Pros? Beyond the odd drip of oil, hub gears are largely maintenance free, which is just as well really because anyone taking one apart is likely to be met with what the Monty Python team described as 'Spring Surprise' when comparing chocolates. Their major advantage is that you can change them standing still, freewheeling or pedalling. Only the latter activity requires you to ease off the pedals a bit. This might not sounds like a huge advantage, but if you ever get brought to a halt abruptly on an uphill stretch whilst in a highish gear, you'll see that it is.
Cons? Make the bike tail-heavy and may be heavier overall. Possibly not as efficient as well-maintained dérailleurs, although anything's better than dirty rusty ones! Some make removing the rear wheel fiddlier.
SUMMONING UP THE NERVE
I can't speak for other authorities, but my own employer runs evening classes for adults who either live or work in the borough, and at three sessions for £15, jolly good value they are too. Here, complete beginners and people who just want their 'hand held' to go round a roundabout can pick and mix what they want from the course. We also take individuals out for specific rides and are getting into after-school clubs at senior schools. Our borough has a second-to-none track record for inviting EVERY year 6 child for on the road training - unless of course they don't turn up for whatever reason.
Your own area may also do something similar. I was surprised to see that my home borough (not my employers) have a comprehensive road safety programme for children and adults, although I think the school sessions are charged for. This is a shame as there's no correlation between ability to pay and road sense!
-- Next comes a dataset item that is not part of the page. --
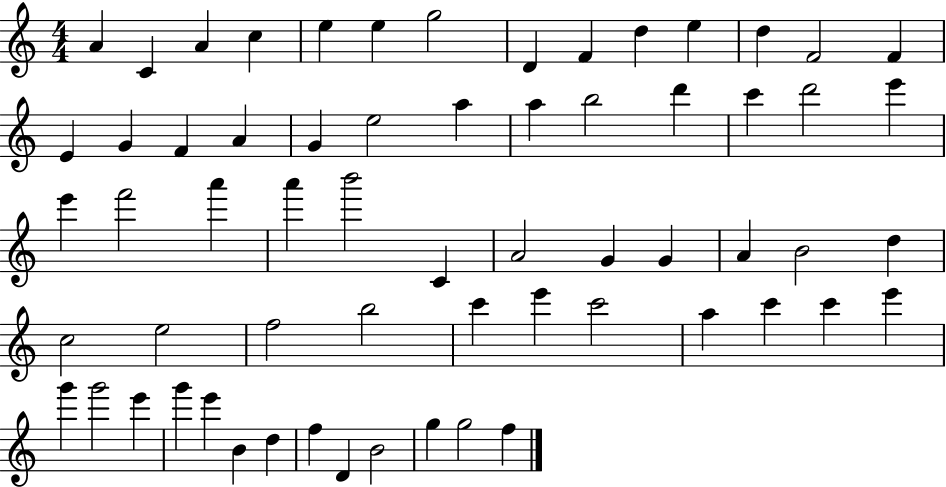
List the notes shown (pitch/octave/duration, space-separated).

A4/q C4/q A4/q C5/q E5/q E5/q G5/h D4/q F4/q D5/q E5/q D5/q F4/h F4/q E4/q G4/q F4/q A4/q G4/q E5/h A5/q A5/q B5/h D6/q C6/q D6/h E6/q E6/q F6/h A6/q A6/q B6/h C4/q A4/h G4/q G4/q A4/q B4/h D5/q C5/h E5/h F5/h B5/h C6/q E6/q C6/h A5/q C6/q C6/q E6/q G6/q G6/h E6/q G6/q E6/q B4/q D5/q F5/q D4/q B4/h G5/q G5/h F5/q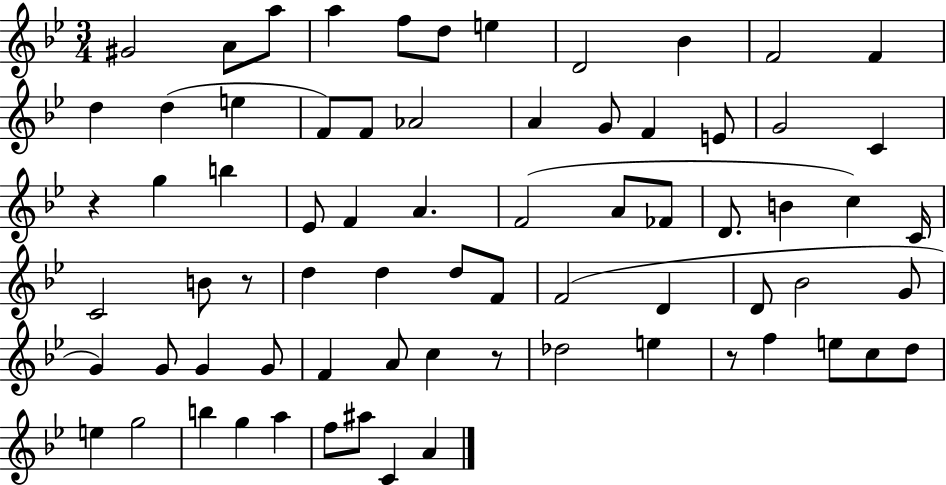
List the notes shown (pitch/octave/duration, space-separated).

G#4/h A4/e A5/e A5/q F5/e D5/e E5/q D4/h Bb4/q F4/h F4/q D5/q D5/q E5/q F4/e F4/e Ab4/h A4/q G4/e F4/q E4/e G4/h C4/q R/q G5/q B5/q Eb4/e F4/q A4/q. F4/h A4/e FES4/e D4/e. B4/q C5/q C4/s C4/h B4/e R/e D5/q D5/q D5/e F4/e F4/h D4/q D4/e Bb4/h G4/e G4/q G4/e G4/q G4/e F4/q A4/e C5/q R/e Db5/h E5/q R/e F5/q E5/e C5/e D5/e E5/q G5/h B5/q G5/q A5/q F5/e A#5/e C4/q A4/q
If you really don't know where to turn for tuition or advice, the CTC web-site (www.ctc.org.uk) lists not only local authority activity but also independent accredited cycling instructors, area by area. I'm not on that list as I get all the work I need from my employer!
In the London area, you can contact the Transport for London web-site www.tfl.org.uk to get maps showing the various preferred ways for cyclists to get around. Up to 9 maps will be sent post-free on request.
Good luck and see you around Hyde Park Corner some time!
THE SAME TIRED OLD DISCLAIMER
None of the opinions expressed here are endorsed specifically by either my employer (good job I didn't mention them!) or the CTC (whoops, I just mentioned them). Some of what I've written is the official party line, some of it is modifed with my own take on the subject.